6As tarefas de cada um

Temos todos o grande desejo de não deixar cair em saco roto as graças da JMJ, mas alertamos o perigo de que algo se passe sem nos darmos conta. Para evitar isso, o mais importante é mesmo apontar todas as energias para esses dias e tentar, cada um, com os seus grupos e comunidades, viver o mais intensamente possível para que não se perca nenhuma semente. Como disse Abraão junto do Carvalho de Mambré, também nós devemos dizer: “Não passes Te rogo sem Te deteres” (Gen 18,3). A Jornada, porque é um acontecimento na história, também passará, mas os efeitos dela, se vêm de Deus, possuem o carácter de realidade eterna, detêm-se, prometem e geram frutos!

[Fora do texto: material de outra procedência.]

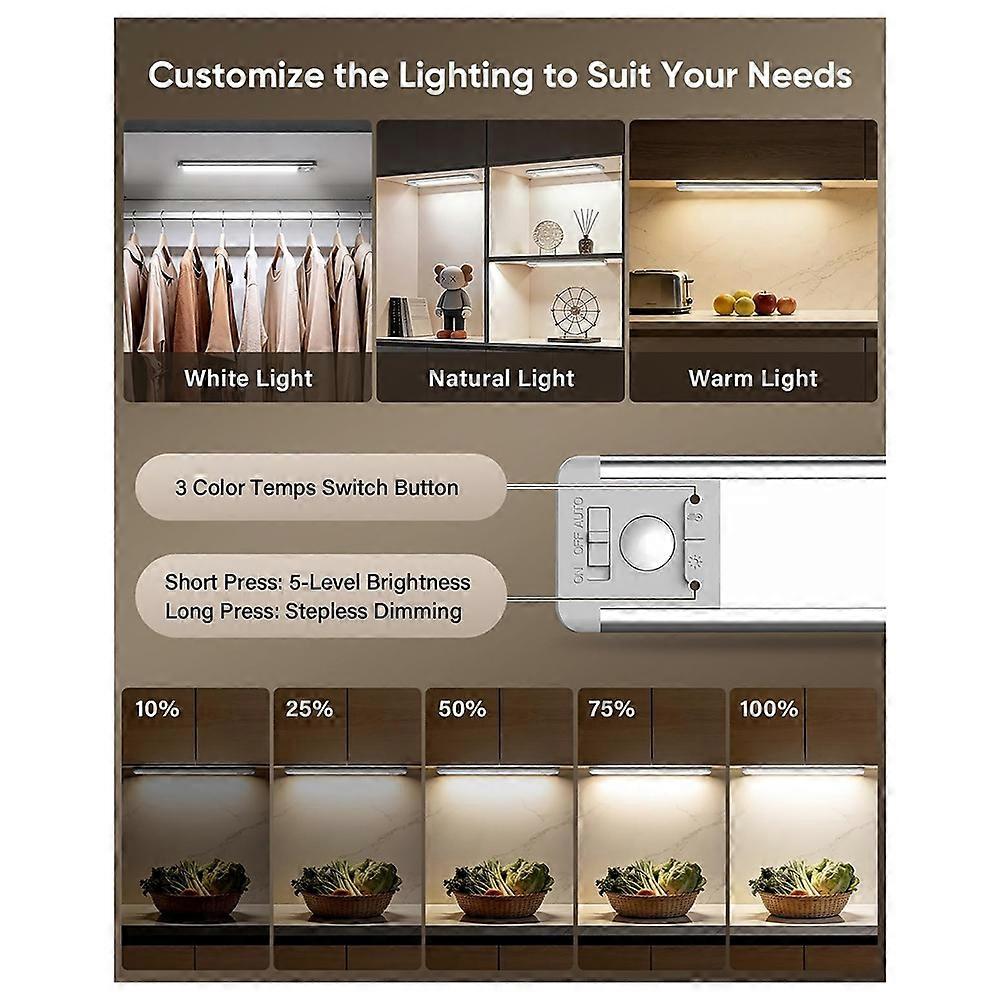 Éclairage Sous Meuble De 25 Cm (10 Pouces), Lampes Rechargeables À Détecteur De Mouvement, Éclairage Led Pour Placard Avec 3 Couleurs Pour Cuisine Et Escaliers (lot De 5).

Toda a Igreja se vê envolvida, mas, aos pastores da Igreja – bispos, padres, responsáveis de grupos, educadores – será pedido muito. Antes de mais que se deixem tocar pelo mesmo entusiasmo que querem que os jovens experimentem, mas também que sejam educadores e provoquem esse entusiasmo onde ele faltar e, depois da Jornada, será pedido que acolham o que surgir, que ajudem a perceber os desafios feitos por Deus e a avaliar tudo para reter todo o bem que surgir.

7Desejo da surpresa

O Papa, na mensagem para o Dia Mundial da Juventude de 2021, tendo já em vista a Jornada de Lisboa, explica o impacto inesperado que teve o encontro de Jesus com Saulo no caminho para Damasco e termina convidando todos: “Espero que todos nós possamos viver estas etapas como verdadeiros peregrinos e não como «turistas da fé»! Abramo-nos às surpresas de Deus, que quer fazer resplandecer a sua luz sobre o nosso caminho. Abramo-nos à escuta da sua voz, inclusive através dos nossos irmãos e irmãs. Assim ajudar-nos-emos uns aos outros a levantar-nos juntos e, neste difícil momento histórico, tornar-nos-emos profetas de tempos novos, cheios de esperança! A Bem-Aventurada Virgem Maria interceda por nós.”